Red. : Come pensi di veicolare questa tua esperienza nel legislativo cantonale?

Matteo: Il Gran Consiglio rappresenta esattamente il contrario della nostra esperienza sindacale e politica. Il Gran Consiglio è l’espressione della delega. Un grande teatrino. Ai cittadini si da la possibilità ogni quattro anni di eleggere i loro “rappresentanti”. Questi ultimi per quattro anni fanno i loro affari grazie al “prestigio” della loro carica e poi pochi mesi prima delle elezioni girano il Ticino per cercare di riavere il voto. Per la lista che rappresento in Gran Consiglio lo scopo d’essere li presente è di utilizzare questa tribuna quale megafono per propagandare le posizioni sindacali e politiche che esperienze quali quelle del movimento dell’Officina.

foto in www.ticinolibero.ch

Red. : Sembra sussistere una larga adesione a livello politico sull’importanza del Centro di Competenze. Tuttavia, le strategia dell’esecutivo cantonale paiono a volte se non dubbie, perlomeno farraginose. Quali a tuo avviso i passi fondamentali per uscire da questo “impasse” e finalmente dotare il cantone di un progetto industriale di ampio respiro come questo?

Matteo: Non sono così convinto che vi sia, a livello politico, una larga adesione al Centro di competenze. Dalla consegna della nostra iniziativa popolare sono trascorsi oltre tre anni. Dalla presentazione dello studio Supsi è trascorso già quasi un anno senza che per il momento si sia concretizzato nulla. Anzi la situazione sta degenerando. Alle OBe, come ripetuto in più occasioni, la situazione interna è peggiorata e vi è il rischio reale che si stiano sprecando delle grandi opportunità. Le ragioni sono sicuramente diverse. Non è sicuramente da sottovalutare il fatto che in questo paese non vi è mai stato un intervento pubblico in un settore industriale. L’industria è sempre stata monopolio degli interessi privati. Sono sicuro che i “padroni” non vedono di buon occhio un simile progetto. E sono altrettanto sicuro che sia stato segnalato a chi di dovere che questo centro non s’ha da fare. Come uscire dall’”impasse”? Mettendo in campo una strategia articolata e ad ampio respiro. In questa strategia articolata e ad ampio respiro bisogna pensare a stimolare una mobilitazione dei lavoratori e della popolazione.

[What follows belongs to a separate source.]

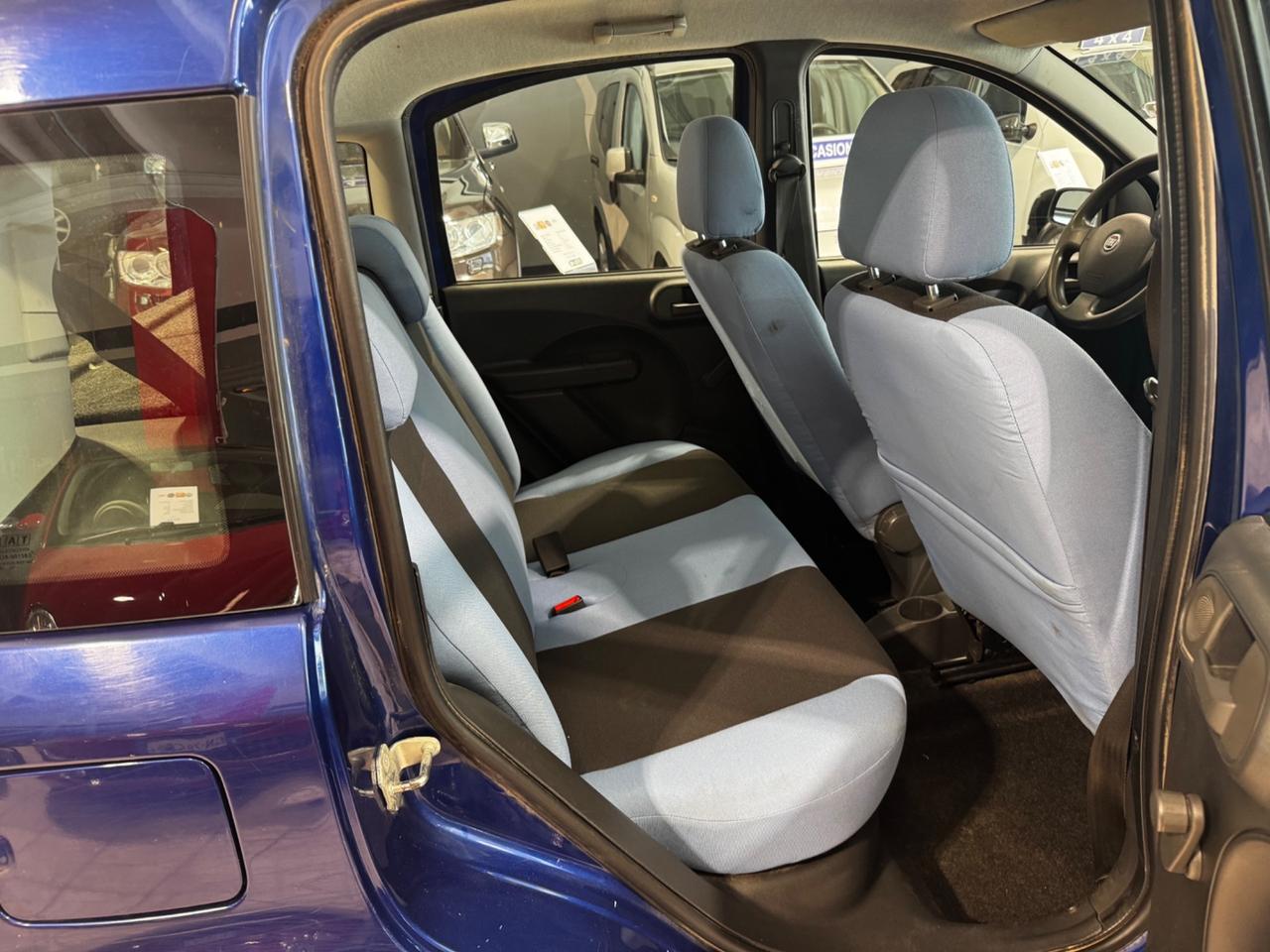 Fiat Panda 1.2 4x4 Climbing 110.000 KM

Red. : I sindacalisti hanno una lunga tradizione di presenza nel legislativo cantonale, nel quale hanno sempre ribadito di difendere i diritti delle lavoratrici e dei lavoratori. Quali sono gli elementi di novità che vorresti introdurre per essere più incisivo in questo senso?

Matteo: Fondamentalmente il lavoro deve essere difeso dai salariati stessi. Più il tempo passa più sono convinto che dobbiamo riuscire a sviluppare in modo coerente e determinato l’autorganizzazione della società e dei suoi settori. Sarà dunque una delle mie preoccupazioni principali cercare di intervenire per proporre idee e leggi che permettano ai salariati, ai cittadini, agli studenti, agli utenti del servizio pubblico di prendere in mano il proprio destino senza il supporto dei ceti burocratici, siano essi politici o altro. La costruzione di una società nuova, dove ognuno possa ricevere secondo i suoi bisogni e dare secondo le sue capacità sarà unicamente possibile se riusciremo nella grande sfida di sviluppare un’autorganizzazione socialista e democratica della società.

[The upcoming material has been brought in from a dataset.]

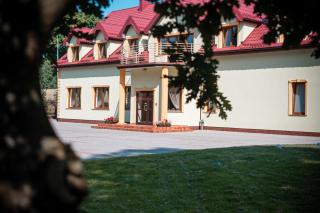 Dom Gościnny Liść Dębu - - 7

Red. : Infine un consiglio all’Associazione giù le mani…

Matteo: Nessun consiglio! Dai lavoratori dell’Officina si può solo imparare. Osservare ed imparare.

Red. : Grazie Matteo e buon lavoro!

* A tutt’oggi, settembre 2011, Ivan Cozzaglio non ha purtroppo ancora avuto l’occasione di rispondere alle domande che la redazione del sito gli aveva posto, quale altro granconsigliere direttamente coinvolto nelle Officine.